Introduction to Reports and Dashboards in Lightning Experience
Introduction to Reports and Dashboards
- Which products are my top sellers?
- Who are my highest value prospects?
- Which marketing campaigns have been the most successful?
- How satisfied are my customers?
Before building a report, the trick is to take that question, ask follow-up questions, write requirements, and then map those requirements to report criteria.
Take the story of Maria Jimenez, the admin at Ursa Major Solar. One day her CEO, Sita Nagappan-Alvarez, came to her with questions about how the business was doing; specifically, she wanted to know which products were top sellers.
Maria took Sita’s original question, and followed up with some clarifying questions.
|Type of Information||Examples|
|Sita’s Original Question||Which products are my top sellers?|
|Maria’s Follow-up Questions||
Now at this moment, you might be looking at that Criteria column and thinking, what does all of that mean? Rest assured, we’ll cover those topics in detail as you work toward earning your badge for this module.

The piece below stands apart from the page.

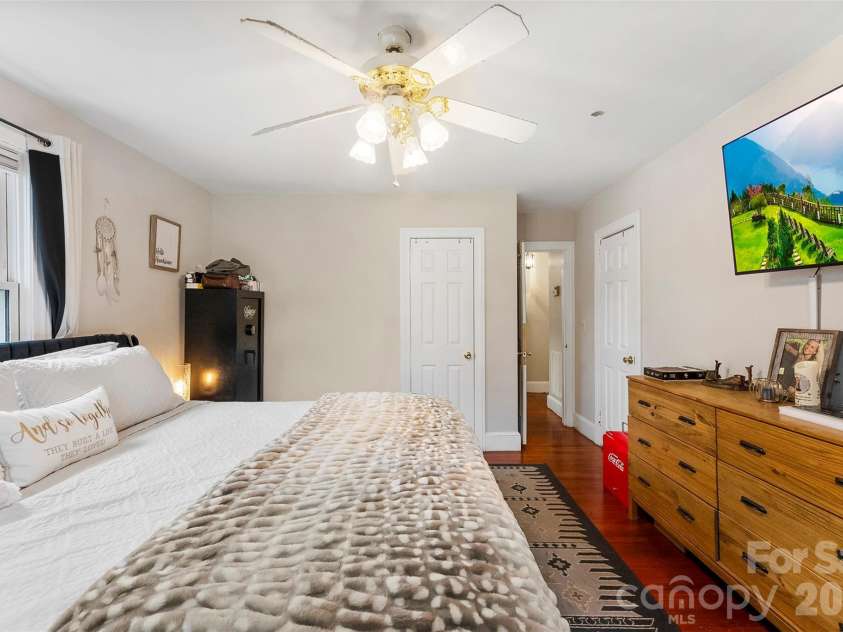 107 Oakland Road, Belmont, NC 28012.  MLS# CAR4343555, YatesRealty ID 10868.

- Lincoln Ulrich, an account executive planning the day’s calls, asks which prospects his team should contact first.
- Roberto Alvarez, the COO, analyzing deflection rate month-over-month since rolling out that self-service community last summer, asks for cases over the past year.
- Sita, the CEO, busily crafting the company’s annual plan and making decisions about where to take the company next, asks which cities have the most leads.
For each of these scenarios, a report or dashboard can provide the insight each team member needs to take action and go big, whether it’s that day, month, or year. You can be the person who translates their question into the report or dashboard they need.
Read on to learn how to get started with reports and dashboards for your company. And, if you like videos, check out this reports and dashboards overview video.
What is a report?
In its simplest form, a report is a list of records (like opportunities or accounts) that meet the criteria you define. But reports are much more than simple lists. To get the data you need, you can filter, group, and do math on records. You can even display them graphically in a chart!
When Sita asked Maria which products are top sellers, Maria created a report that returned a list of all opportunities with products. Then, she:
- Filtered to show only Closed Won opportunities for “active” products from this financial year.
- Grouped by product family.
- Summed the total number sold.
- Displayed the results in a vertical bar chart, so Sita could easily see the results.
This sort of advanced analysis is one reason why reports are Maria’s go-to tool when she has questions about her business. Everyone at Ursa Major Solar loves Maria’s reports!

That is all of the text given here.